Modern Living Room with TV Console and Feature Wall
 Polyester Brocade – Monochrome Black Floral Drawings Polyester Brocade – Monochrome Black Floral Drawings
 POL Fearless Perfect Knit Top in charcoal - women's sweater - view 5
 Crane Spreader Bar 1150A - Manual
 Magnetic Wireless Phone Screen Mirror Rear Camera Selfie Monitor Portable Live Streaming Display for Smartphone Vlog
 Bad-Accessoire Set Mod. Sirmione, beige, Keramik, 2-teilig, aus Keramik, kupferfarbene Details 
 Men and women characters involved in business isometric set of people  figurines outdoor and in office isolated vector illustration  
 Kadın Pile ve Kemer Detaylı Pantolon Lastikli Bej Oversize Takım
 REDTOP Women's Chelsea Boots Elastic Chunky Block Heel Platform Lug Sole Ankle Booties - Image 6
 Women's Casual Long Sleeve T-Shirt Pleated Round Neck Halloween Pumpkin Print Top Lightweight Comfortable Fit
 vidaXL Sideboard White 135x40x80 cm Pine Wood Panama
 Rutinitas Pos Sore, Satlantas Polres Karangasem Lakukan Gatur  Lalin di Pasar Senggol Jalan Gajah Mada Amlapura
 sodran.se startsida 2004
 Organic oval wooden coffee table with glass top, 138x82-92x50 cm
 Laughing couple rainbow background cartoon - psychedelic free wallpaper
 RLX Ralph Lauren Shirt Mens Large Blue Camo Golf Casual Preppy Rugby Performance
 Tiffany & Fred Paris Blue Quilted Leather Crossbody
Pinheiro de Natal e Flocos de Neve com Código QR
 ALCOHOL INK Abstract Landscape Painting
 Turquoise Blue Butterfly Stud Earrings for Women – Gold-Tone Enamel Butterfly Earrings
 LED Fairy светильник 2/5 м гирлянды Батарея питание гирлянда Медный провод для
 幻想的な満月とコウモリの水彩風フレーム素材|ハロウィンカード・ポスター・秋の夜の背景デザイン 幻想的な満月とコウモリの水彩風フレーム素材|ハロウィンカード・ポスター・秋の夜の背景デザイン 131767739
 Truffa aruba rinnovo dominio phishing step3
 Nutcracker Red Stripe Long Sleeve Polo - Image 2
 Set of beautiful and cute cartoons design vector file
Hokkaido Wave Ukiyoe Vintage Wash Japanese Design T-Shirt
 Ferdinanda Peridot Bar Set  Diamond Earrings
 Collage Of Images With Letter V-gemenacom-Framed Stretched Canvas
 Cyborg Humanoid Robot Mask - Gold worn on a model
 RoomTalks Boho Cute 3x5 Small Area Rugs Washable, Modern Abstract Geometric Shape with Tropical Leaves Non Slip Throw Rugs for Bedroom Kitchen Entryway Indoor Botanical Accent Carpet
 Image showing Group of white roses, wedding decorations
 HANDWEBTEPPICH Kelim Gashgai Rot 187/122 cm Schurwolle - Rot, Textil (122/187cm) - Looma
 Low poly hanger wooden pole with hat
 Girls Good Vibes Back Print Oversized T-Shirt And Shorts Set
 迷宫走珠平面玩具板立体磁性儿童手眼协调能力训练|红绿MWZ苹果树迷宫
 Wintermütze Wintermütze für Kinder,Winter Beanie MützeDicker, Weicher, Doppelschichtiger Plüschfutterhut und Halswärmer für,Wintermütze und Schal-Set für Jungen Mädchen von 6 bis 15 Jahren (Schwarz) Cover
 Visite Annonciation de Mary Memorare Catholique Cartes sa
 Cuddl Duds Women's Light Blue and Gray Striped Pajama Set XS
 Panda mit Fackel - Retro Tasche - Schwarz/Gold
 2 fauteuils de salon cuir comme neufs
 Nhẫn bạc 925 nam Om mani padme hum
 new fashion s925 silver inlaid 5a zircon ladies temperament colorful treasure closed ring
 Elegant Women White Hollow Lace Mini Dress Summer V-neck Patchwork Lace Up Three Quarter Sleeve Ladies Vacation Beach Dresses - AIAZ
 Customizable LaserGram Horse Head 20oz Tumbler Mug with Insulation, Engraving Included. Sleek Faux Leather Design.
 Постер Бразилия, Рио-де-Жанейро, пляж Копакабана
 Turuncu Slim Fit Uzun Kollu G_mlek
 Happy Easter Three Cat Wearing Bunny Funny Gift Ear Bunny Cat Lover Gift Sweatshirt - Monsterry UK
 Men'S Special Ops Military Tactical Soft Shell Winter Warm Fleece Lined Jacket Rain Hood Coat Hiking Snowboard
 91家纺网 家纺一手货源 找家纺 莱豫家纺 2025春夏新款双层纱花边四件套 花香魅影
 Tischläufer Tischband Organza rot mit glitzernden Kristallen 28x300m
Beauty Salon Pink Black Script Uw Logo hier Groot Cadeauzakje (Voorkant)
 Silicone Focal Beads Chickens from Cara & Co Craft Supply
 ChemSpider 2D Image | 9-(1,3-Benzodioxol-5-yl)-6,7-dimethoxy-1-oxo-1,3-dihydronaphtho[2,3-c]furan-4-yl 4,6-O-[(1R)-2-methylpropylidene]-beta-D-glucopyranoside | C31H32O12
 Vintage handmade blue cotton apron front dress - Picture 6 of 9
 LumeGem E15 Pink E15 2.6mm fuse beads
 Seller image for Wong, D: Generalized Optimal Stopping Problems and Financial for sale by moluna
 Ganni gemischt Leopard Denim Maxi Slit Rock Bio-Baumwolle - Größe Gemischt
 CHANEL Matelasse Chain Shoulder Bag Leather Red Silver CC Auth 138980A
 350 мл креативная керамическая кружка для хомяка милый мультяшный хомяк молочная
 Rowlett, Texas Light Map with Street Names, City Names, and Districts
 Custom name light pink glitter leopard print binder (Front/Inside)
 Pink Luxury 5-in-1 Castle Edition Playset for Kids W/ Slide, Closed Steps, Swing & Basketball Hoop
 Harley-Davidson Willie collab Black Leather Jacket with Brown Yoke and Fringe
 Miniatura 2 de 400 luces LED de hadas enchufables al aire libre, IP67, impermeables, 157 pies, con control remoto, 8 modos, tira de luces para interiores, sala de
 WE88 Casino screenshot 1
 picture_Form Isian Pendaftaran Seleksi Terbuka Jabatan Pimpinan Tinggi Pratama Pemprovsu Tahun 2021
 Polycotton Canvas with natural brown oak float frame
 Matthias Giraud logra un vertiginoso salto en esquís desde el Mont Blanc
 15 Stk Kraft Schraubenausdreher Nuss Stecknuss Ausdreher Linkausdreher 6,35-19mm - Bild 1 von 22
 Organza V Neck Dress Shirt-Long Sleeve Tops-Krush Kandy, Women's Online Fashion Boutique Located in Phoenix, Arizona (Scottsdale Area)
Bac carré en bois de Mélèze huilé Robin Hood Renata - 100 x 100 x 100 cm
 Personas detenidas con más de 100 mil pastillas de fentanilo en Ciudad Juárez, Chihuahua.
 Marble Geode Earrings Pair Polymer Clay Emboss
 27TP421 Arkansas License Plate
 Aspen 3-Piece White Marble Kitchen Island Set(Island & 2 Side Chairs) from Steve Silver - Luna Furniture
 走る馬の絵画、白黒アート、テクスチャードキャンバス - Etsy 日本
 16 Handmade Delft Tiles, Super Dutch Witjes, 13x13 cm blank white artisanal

What you should do: In the listing above, find the line containing "Hokkaido Wave Ukiyoe" and the line containing "迷宫走珠平面玩具板立体磁性儿童手眼协调能力训练|红绿MWZ苹果树迷宫". Output them and every line between, exactly, and nothing else.

Exercise response:
Hokkaido Wave Ukiyoe Vintage Wash Japanese Design T-Shirt
 Ferdinanda Peridot Bar Set  Diamond Earrings
 Collage Of Images With Letter V-gemenacom-Framed Stretched Canvas
 Cyborg Humanoid Robot Mask - Gold worn on a model
 RoomTalks Boho Cute 3x5 Small Area Rugs Washable, Modern Abstract Geometric Shape with Tropical Leaves Non Slip Throw Rugs for Bedroom Kitchen Entryway Indoor Botanical Accent Carpet
 Image showing Group of white roses, wedding decorations
 HANDWEBTEPPICH Kelim Gashgai Rot 187/122 cm Schurwolle - Rot, Textil (122/187cm) - Looma
 Low poly hanger wooden pole with hat
 Girls Good Vibes Back Print Oversized T-Shirt And Shorts Set
 迷宫走珠平面玩具板立体磁性儿童手眼协调能力训练|红绿MWZ苹果树迷宫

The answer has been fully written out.